Since the pandemic, we've had upticks in cross-border searches. That holds true for North America and that holds true for Europe as well. If you're willing to keep it remote (or navigate work visas), your potential pool of candidates is much larger now because you can go beyond your country's borders to attract talent.

We have a jobs tracker that looks at how many remote jobs we have on Indeed. That's around 8.6% for the U.S. and a little lower for other countries. We also look at the flip side of how many workers are actually searching for remote jobs and that's close to 10% in the U.S. The U.S. is a standout as, in other countries, there are significantly fewer workers searching for these remote jobs.

Joe Amon/The Denver Post via Getty Images/TS

Is the 'Great Resignation' still ongoing?

I like to call it the 'Great Job Hunt,' if you will. The 'Great Resignation' makes it sound like you've resigned and are hanging around at home in your sweats. I think most people saw that they are in demand and have options are but we're certainly slowing down on that. The quit rate has come down a lot although it's still elevated in some sections. Leisure and hospitality is still seeing a fair bit of churn. It's not consistent across the board but on average things are definitely cooling down with quits.

Another labor trend is the rise of "unretiring" or workers who have formally retired but later choose to either return or do some part-time work on the side. Is this a way to supplement one's income to fund things like travel or a sign that inflation is eating away at some people's retirement plans?

There are mixed reasons why people are unretiring but there was definitely a pretty strong spike this year.

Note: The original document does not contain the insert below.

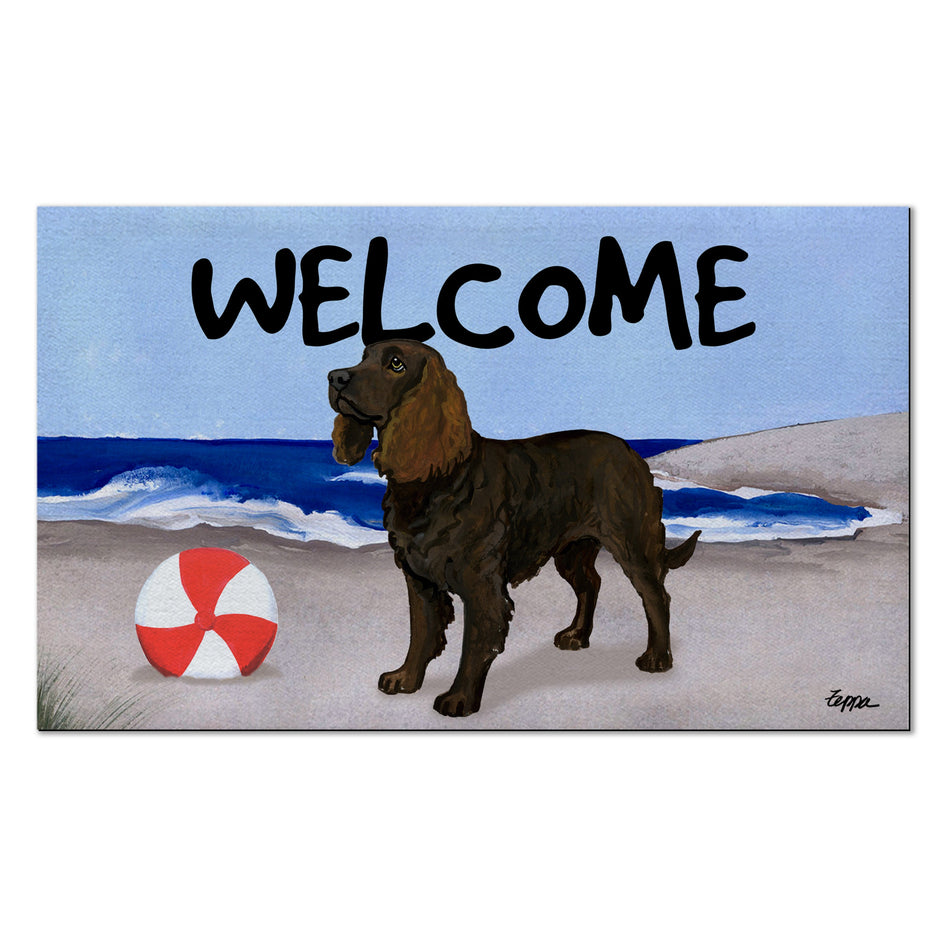 American Water Spaniel Welcome Mat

It could be that some see wages rising and are like 'hey, I just retired but if I work for another few years, I can earn some really good money and build up my nest egg.' I'm sure some workers are also realizing that, with inflation, what they saved is actually not going to go as far as they thought. Those are the people reentering out of necessity.

And then there are people who exited the workforce for a fairly long time because they did not want to be exposed to covid. Particularly for older workers, there was a lot of risk given covid. For some, the time is now right to say 'okay, I've waited long enough and am going to reenter the workforce.'

You've come over to Indeed.com from a role as chief economist of Zillow. What are some similarities between the labor market and the housing market?

There's a lot of overlap between housing and labor because they're both basic necessities. You need a job to make money and earn a livelihood and you need to live somewhere. Particularly during the pandemic, we saw some really interesting intertwining of the two. You no longer needed to live where your job was and, if you were one of the 37% of jobs that are remote workable, you were able to move somewhere else and enjoy a lower cost of living while still keeping your job. Those patterns and trends are very interesting.